» TASK TO CARRY OUT
Everything in the listing except the pictures should be written out exactly.

» SOURCE DATA
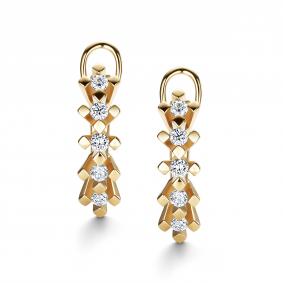 Серьги из лимонного золота АЛЬКОР 26650-300 с бриллиантом 26650-300 фото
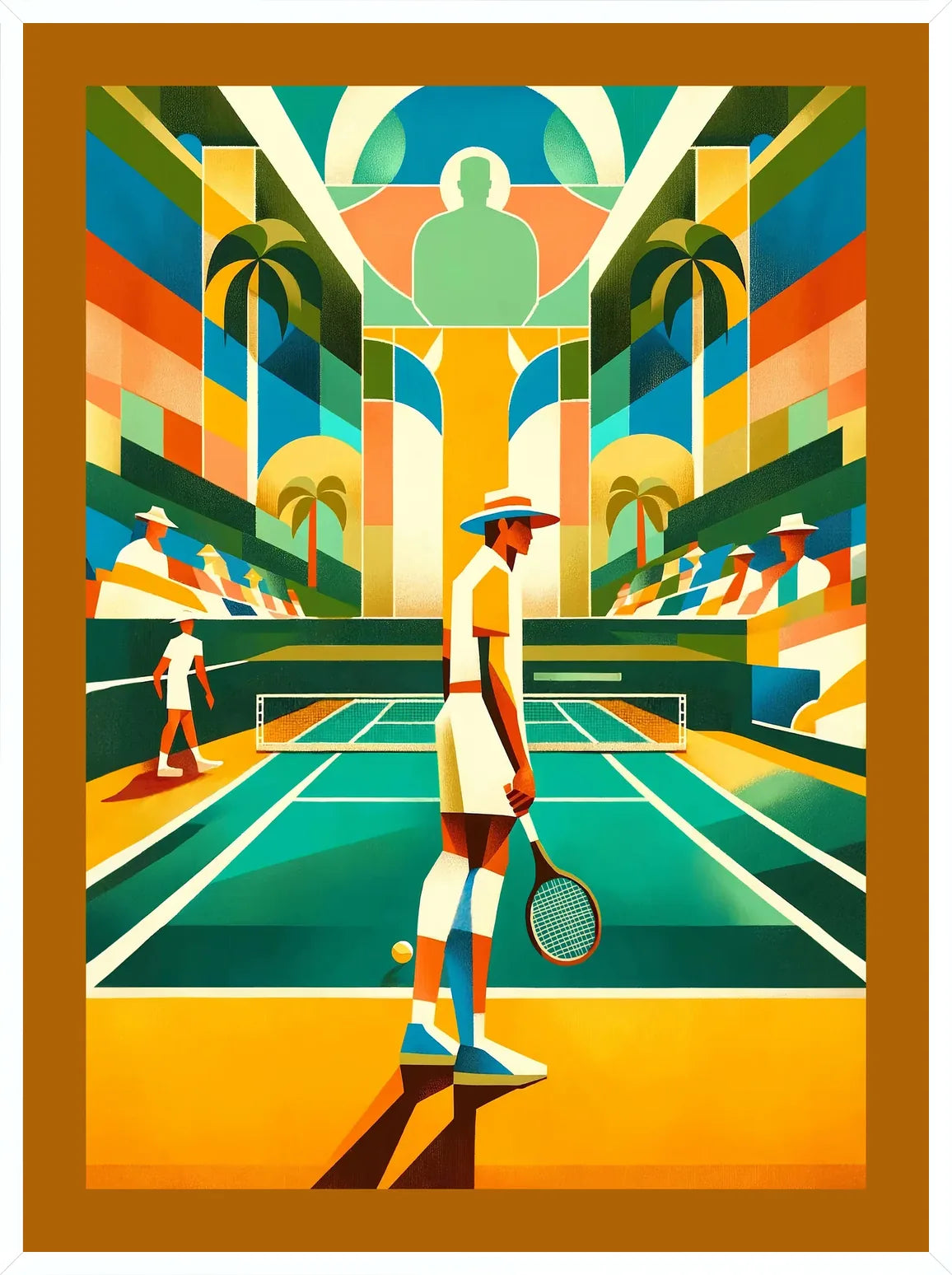 Cadre blanc epure presentant joueur de tennis au chapeau et palmiers, court turquoise vintage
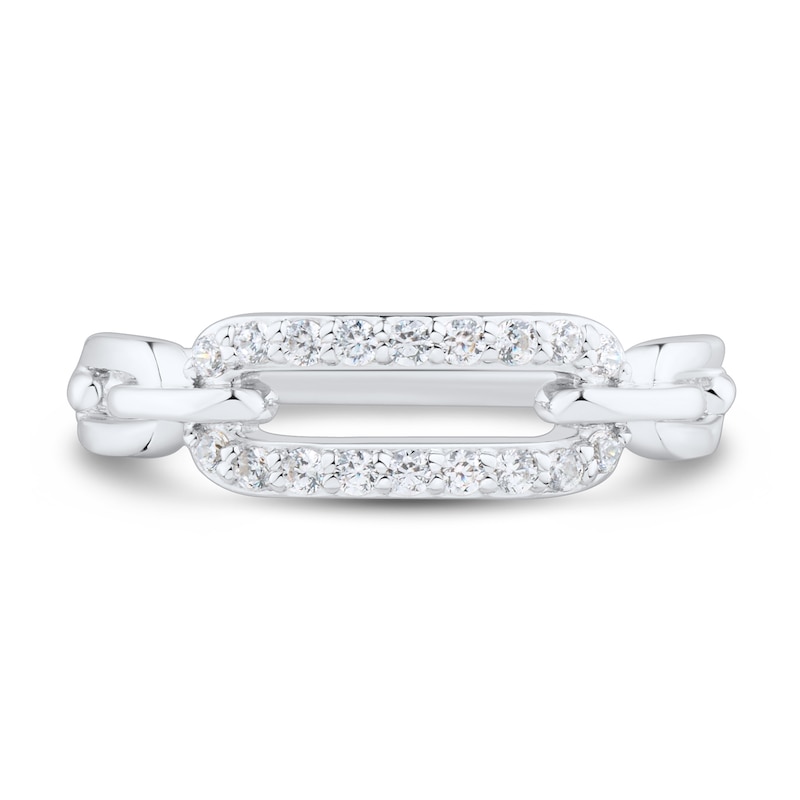 Main Image 3 of 1/6 CT. T.W. Diamond Rectangle Chain Link Ring in 10K White Gold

» ANSWER
 Серьги из лимонного золота АЛЬКОР 26650-300 с бриллиантом 26650-300 фото
 Cadre blanc epure presentant joueur de tennis au chapeau et palmiers, court turquoise vintage
 Main Image 3 of 1/6 CT. T.W. Diamond Rectangle Chain Link Ring in 10K White Gold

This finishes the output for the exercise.